- _REQUIREMENT_
Which of the lines below mention the word "with"? Pull each one out.

- _SOURCE INFORMATION_
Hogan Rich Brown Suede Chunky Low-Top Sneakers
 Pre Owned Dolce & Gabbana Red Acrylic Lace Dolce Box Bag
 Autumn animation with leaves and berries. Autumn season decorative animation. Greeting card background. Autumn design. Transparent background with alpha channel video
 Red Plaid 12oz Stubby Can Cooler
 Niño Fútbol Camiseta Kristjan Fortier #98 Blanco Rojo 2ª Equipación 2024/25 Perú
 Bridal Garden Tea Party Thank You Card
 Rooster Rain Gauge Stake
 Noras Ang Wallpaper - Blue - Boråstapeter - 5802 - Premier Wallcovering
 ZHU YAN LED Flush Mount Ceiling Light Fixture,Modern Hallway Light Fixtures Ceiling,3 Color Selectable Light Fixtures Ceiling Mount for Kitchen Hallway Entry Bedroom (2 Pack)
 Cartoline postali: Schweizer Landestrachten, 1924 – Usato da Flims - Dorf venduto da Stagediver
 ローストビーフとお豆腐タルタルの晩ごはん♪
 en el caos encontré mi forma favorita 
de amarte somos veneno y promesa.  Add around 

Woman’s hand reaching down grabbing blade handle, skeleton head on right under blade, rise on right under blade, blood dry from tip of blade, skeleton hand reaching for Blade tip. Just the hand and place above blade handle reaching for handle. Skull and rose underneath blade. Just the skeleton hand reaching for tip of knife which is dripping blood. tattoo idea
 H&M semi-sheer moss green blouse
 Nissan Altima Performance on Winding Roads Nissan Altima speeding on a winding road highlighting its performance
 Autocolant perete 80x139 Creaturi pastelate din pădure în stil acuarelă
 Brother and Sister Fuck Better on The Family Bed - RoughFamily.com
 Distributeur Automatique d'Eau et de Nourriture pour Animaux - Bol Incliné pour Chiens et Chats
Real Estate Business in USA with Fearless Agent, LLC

- _SOLUTION FOR THIS TASK_
 Autumn animation with leaves and berries. Autumn season decorative animation. Greeting card background. Autumn design. Transparent background with alpha channel video
Real Estate Business in USA with Fearless Agent, LLC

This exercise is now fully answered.